* WORK TO COMPLETE
From the entries, filter out every line that lacks "Photo" and copy the rest.

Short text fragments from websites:
++++++++++
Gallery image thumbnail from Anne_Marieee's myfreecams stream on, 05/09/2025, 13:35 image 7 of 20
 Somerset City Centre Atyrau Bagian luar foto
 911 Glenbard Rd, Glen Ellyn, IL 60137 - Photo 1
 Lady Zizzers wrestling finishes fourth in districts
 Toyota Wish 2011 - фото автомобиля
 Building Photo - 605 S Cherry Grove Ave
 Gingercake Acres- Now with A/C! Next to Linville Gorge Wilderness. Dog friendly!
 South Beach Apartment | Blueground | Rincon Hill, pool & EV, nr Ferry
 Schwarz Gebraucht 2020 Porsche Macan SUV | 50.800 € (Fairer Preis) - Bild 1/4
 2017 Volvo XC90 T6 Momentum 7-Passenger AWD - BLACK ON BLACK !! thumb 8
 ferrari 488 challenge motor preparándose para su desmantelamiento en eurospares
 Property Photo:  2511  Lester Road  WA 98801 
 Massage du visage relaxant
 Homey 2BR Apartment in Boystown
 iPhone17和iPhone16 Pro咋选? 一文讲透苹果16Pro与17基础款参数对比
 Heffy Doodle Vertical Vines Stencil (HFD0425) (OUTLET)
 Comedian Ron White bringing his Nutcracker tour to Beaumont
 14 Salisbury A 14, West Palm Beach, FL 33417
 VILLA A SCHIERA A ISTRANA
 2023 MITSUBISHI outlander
++++++++++
* TASK OUTPUT
 911 Glenbard Rd, Glen Ellyn, IL 60137 - Photo 1
 Building Photo - 605 S Cherry Grove Ave
 Property Photo:  2511  Lester Road  WA 98801 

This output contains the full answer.